→ **WORK TO COMPLETE**: From the records below, print exactly the lines starting at the one containing "So let us first" and ending at the one containing "With the ability", ends included, and nothing else.

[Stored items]
□ □ □ □ □
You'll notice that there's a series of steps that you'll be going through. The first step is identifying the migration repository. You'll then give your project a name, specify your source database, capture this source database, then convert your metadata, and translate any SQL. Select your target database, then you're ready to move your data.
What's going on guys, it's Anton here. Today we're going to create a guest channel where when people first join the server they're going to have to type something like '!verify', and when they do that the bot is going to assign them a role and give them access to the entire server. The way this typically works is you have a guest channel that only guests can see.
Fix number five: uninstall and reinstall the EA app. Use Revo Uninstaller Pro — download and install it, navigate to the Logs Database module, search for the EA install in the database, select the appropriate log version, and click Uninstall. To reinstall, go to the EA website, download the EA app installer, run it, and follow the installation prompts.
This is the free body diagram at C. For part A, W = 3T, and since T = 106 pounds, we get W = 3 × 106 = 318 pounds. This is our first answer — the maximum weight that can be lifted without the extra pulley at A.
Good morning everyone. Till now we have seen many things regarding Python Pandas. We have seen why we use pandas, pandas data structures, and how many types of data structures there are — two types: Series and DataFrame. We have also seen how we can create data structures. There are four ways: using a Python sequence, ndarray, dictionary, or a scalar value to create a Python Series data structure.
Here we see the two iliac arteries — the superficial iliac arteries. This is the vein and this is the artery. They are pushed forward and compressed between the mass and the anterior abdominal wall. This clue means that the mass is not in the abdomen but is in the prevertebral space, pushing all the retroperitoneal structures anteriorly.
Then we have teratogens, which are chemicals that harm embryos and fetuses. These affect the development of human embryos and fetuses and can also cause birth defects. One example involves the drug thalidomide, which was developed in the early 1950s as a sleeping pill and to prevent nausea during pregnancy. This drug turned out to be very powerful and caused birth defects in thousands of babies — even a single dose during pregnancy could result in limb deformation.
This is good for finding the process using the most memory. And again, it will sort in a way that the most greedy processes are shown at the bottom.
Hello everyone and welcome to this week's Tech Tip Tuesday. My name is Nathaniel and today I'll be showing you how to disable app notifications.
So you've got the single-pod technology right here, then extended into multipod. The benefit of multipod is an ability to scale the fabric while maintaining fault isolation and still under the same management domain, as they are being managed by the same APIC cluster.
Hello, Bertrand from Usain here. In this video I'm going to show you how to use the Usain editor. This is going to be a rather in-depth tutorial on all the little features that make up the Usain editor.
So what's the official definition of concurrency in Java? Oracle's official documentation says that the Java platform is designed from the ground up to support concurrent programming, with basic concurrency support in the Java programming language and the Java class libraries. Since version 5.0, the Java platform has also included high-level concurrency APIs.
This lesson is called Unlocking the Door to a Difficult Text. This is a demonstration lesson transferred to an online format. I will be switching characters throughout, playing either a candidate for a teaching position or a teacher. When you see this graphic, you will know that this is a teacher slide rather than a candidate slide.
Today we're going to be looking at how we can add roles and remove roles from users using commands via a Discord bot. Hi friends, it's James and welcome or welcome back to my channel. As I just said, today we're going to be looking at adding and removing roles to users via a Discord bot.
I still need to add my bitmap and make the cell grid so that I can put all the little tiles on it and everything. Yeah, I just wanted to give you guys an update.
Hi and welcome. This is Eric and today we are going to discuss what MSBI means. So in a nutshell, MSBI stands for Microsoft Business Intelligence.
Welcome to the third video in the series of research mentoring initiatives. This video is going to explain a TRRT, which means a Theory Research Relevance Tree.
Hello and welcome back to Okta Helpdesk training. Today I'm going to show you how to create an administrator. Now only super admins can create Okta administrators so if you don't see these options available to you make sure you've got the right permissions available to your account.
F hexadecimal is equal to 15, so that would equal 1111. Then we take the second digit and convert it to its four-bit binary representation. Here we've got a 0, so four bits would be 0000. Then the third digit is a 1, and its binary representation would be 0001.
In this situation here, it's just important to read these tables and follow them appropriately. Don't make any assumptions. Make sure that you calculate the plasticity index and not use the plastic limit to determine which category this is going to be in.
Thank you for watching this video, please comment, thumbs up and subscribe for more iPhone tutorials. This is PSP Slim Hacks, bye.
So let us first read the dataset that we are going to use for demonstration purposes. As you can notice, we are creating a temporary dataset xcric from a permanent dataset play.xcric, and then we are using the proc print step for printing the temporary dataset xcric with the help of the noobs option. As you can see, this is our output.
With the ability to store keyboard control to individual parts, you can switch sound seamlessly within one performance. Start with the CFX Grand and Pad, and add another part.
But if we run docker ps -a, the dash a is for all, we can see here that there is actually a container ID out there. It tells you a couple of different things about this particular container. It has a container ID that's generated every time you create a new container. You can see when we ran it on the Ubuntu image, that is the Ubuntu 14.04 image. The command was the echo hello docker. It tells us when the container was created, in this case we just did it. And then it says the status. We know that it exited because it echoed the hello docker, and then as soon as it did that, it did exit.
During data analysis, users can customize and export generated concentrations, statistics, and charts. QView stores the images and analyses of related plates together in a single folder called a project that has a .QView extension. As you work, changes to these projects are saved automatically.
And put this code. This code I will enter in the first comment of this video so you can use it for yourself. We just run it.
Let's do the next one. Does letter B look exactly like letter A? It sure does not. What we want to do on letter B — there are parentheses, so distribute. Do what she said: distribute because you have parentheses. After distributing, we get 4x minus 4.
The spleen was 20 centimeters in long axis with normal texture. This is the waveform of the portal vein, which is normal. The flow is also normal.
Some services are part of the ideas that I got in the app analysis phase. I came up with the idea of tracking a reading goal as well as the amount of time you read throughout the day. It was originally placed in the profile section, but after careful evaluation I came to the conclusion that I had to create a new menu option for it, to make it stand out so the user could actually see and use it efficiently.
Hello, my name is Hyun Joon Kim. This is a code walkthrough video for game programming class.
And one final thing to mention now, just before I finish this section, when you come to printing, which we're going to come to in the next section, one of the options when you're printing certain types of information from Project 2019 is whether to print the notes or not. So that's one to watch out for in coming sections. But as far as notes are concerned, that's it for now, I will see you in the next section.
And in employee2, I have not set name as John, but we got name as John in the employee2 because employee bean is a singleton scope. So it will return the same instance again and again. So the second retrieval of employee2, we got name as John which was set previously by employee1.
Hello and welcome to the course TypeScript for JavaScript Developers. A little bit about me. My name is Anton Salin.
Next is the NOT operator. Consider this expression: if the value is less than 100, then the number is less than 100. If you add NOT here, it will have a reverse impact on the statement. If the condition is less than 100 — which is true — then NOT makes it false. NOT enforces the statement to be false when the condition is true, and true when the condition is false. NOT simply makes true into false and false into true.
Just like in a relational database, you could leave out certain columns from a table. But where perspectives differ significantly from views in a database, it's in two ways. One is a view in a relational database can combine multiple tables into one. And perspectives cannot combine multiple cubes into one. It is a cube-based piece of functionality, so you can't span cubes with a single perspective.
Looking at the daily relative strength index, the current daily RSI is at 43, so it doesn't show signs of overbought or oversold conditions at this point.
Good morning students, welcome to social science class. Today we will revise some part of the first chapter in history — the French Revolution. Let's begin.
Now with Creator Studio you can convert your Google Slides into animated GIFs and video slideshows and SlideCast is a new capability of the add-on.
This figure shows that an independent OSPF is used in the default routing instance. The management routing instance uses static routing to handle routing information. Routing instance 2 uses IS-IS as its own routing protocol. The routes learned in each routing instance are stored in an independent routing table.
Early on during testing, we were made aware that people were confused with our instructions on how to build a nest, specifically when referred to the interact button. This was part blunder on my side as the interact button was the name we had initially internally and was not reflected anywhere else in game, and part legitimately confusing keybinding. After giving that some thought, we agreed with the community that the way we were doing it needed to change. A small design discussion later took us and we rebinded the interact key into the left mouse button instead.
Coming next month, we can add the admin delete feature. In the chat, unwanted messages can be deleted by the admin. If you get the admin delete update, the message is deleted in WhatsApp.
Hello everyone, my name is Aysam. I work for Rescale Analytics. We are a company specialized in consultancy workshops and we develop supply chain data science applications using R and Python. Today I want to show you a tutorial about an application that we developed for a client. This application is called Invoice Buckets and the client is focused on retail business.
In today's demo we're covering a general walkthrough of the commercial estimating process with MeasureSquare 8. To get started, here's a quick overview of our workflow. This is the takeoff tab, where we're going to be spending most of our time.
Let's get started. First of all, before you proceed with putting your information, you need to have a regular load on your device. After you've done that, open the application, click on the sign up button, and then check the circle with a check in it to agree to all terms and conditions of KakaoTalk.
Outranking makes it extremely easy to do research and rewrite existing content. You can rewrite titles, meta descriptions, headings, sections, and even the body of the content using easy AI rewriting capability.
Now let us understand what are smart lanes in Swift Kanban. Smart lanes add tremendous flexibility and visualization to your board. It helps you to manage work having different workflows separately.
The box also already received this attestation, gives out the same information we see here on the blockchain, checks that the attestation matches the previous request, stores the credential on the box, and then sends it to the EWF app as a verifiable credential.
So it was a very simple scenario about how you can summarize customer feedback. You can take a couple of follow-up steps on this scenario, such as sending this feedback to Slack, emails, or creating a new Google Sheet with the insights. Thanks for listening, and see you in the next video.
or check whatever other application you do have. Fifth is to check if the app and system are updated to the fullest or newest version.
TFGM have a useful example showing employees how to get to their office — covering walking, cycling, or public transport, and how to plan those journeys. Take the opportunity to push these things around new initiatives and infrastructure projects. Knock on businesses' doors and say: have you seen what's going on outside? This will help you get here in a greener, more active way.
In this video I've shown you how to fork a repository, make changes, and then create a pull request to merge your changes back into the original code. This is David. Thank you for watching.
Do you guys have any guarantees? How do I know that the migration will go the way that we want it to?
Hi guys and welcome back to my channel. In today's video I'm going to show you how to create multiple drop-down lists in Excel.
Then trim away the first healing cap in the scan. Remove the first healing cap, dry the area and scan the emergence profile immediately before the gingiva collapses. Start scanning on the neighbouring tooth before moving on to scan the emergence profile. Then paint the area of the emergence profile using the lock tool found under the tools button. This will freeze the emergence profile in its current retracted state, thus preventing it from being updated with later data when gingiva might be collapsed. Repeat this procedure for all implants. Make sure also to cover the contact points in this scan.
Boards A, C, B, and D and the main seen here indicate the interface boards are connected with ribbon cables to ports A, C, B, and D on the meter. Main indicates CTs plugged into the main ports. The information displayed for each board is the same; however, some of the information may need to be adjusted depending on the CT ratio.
□ □ □ □ □
→ **OUTPUT OF THE EXERCISE**:
So let us first read the dataset that we are going to use for demonstration purposes. As you can notice, we are creating a temporary dataset xcric from a permanent dataset play.xcric, and then we are using the proc print step for printing the temporary dataset xcric with the help of the noobs option. As you can see, this is our output.
With the ability to store keyboard control to individual parts, you can switch sound seamlessly within one performance. Start with the CFX Grand and Pad, and add another part.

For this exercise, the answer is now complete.